SP: ‘Kroes's position should be discussed’

"The continuing business involvement of European Commissioner Neelie Kroes and in particular her links to the property magnate Jan-Dirk Paarlberg, who is under suspicion of money laundering, is sufficient reason to call her position once more into question.” So say SP Euro-MPs Erik Meijer en Kartika Liotard following revelations that Kroes has not adhered to the promises which she made when she came into office. The two intend to raise the matter with Commission President José Manuel Barroso.

Erik Meijer"In such a position it is essential to avoid any appearance of a conflict of interests and not make yourself vulnerable to blackmail," Erik Meijer said today on Dutch station Radio 1's news bulletin. In the aftermath of Paarlberg's arrest on suspicion of membership of the criminal organisation led by Willem Holleder, it emerged that Commissioner Kroes had only very recently ended her financial involvement with Paarlberg. "In September 2004," Meijer told Radio 1 listeners, "when she appeared before the European Parliament seeking approval for her appointment to the Commission, she said that these links had been completely severed. That now appears to have been incorrect. As the Commissioner whose responsibility it is to ensure that European business sticks to the rules you can't really get away with having this kind of black mark against your name." Her interests concerning her pension and stocks and shares were put into a blind trust, but apparently her property interests didn't join them."

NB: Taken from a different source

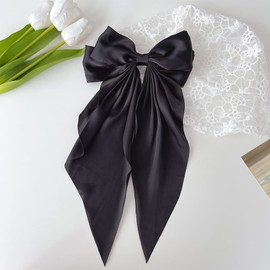 Large Hair Bows for Women Black Hair Bow Big Bow Hair Clip Girl French Barrette with with Velvet Hair Bows Solid Color Ponytail Hair Accessories (Black & Burgundy) (BLACK)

Meijer en Liotard are to raise the matter once again with Commission President José Manuel Barroso in the form of a written parliamentary question. "We've always had the greatest difficulty regarding Ms Kroes's position and find these recent developments more than sufficient grounds for this to be looked at again, and critically," Meijer said. "The appearance of involvement in this affair and possible vulnerability to blackmail are making her position impossible. In addition, we are demanding, in the light of what has now come out, a full explanation of her assertion at the time to the effect that all ties had been broken. A European Commissioner who tries to pull the wool over the Parliament's eyes is one that we can do without."